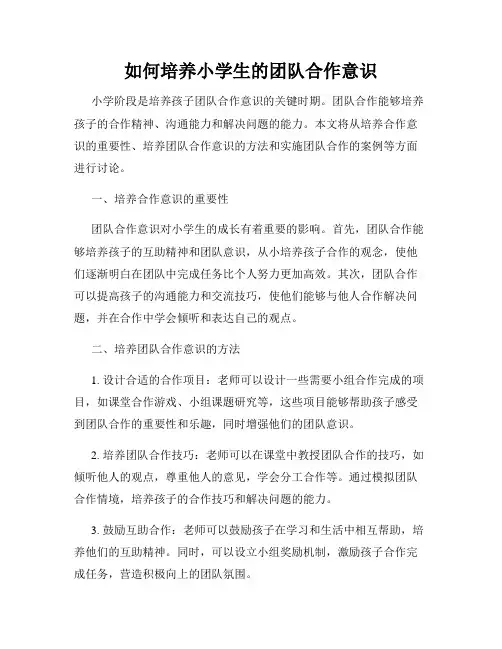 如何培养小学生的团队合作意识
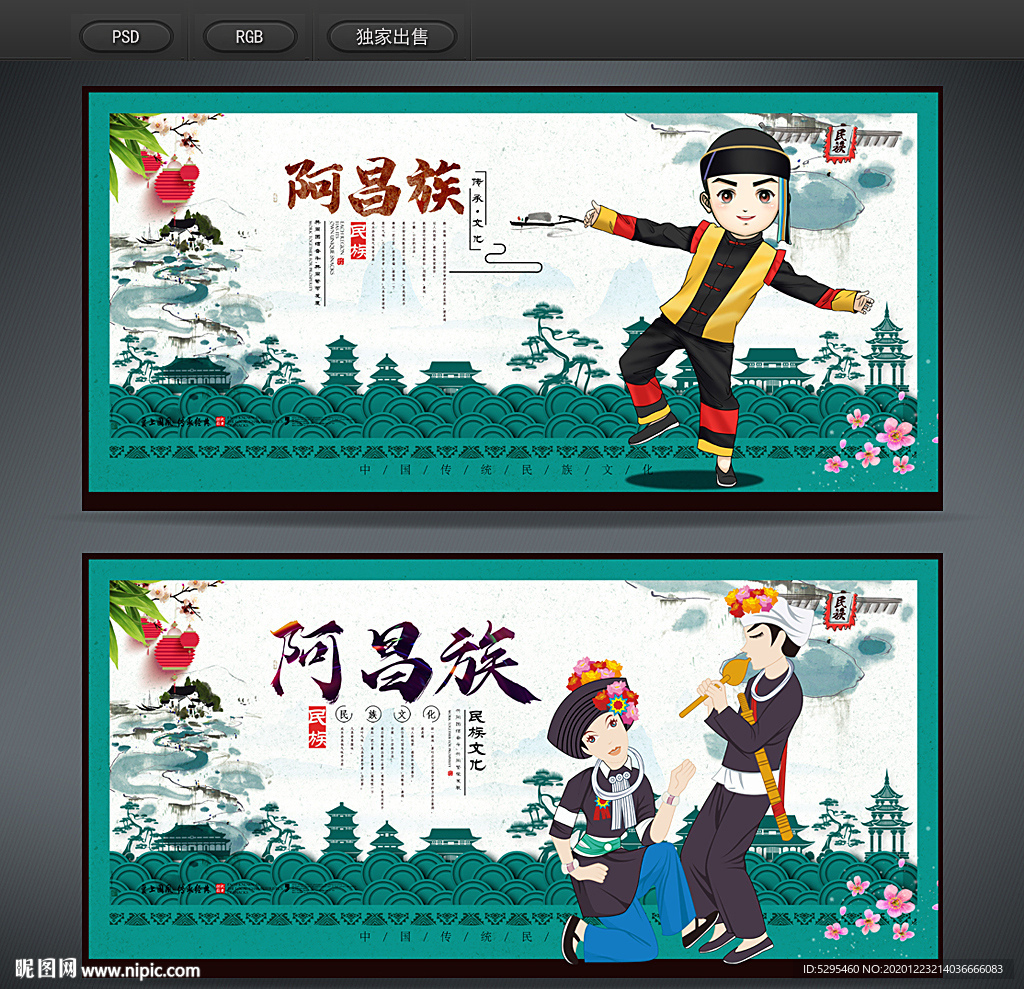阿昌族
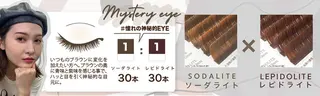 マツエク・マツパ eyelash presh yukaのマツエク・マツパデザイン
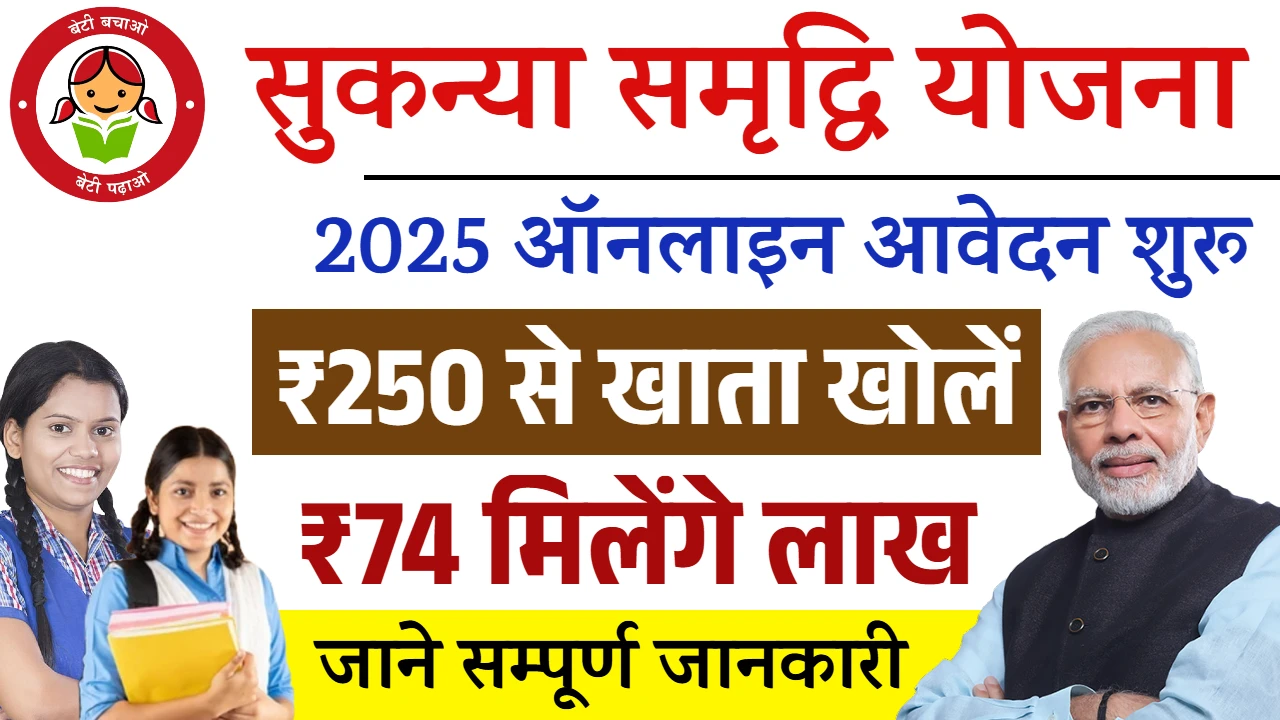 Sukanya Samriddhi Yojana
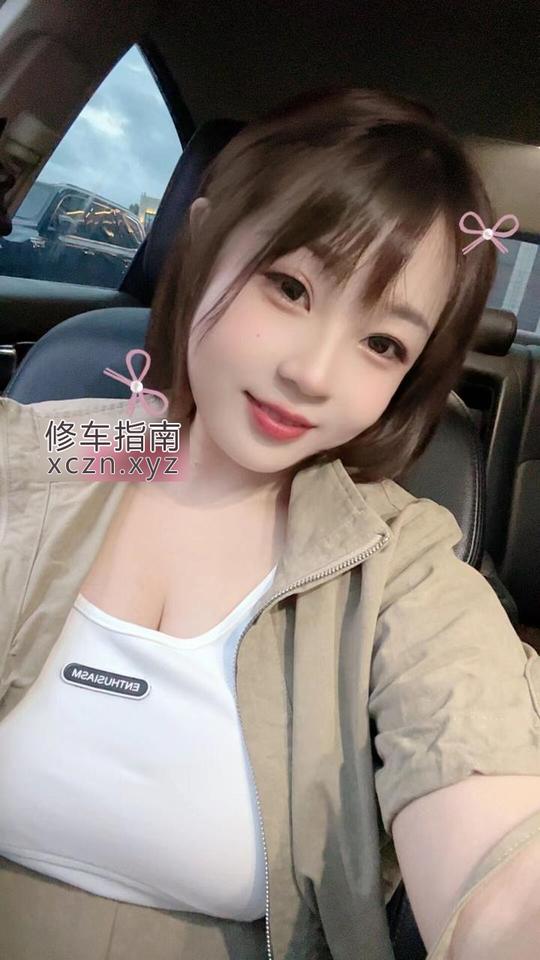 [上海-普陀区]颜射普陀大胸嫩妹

☆ ☆ ☆

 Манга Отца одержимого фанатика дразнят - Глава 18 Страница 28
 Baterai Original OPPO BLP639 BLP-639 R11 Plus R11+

☆ ☆ ☆

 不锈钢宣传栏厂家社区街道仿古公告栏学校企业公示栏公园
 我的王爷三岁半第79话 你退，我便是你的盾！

☆ ☆ ☆

[DIRECTIONS] Print only what lies in the material above starting at the line with "不锈钢宣传栏厂家社区街道仿古公告栏学校企业公示栏公园" and ending at the line with "我的王爷三岁半第79话 你退，我便是你的盾！", every line exactly as given.

[TASK SOLUTION]
 不锈钢宣传栏厂家社区街道仿古公告栏学校企业公示栏公园
 我的王爷三岁半第79话 你退，我便是你的盾！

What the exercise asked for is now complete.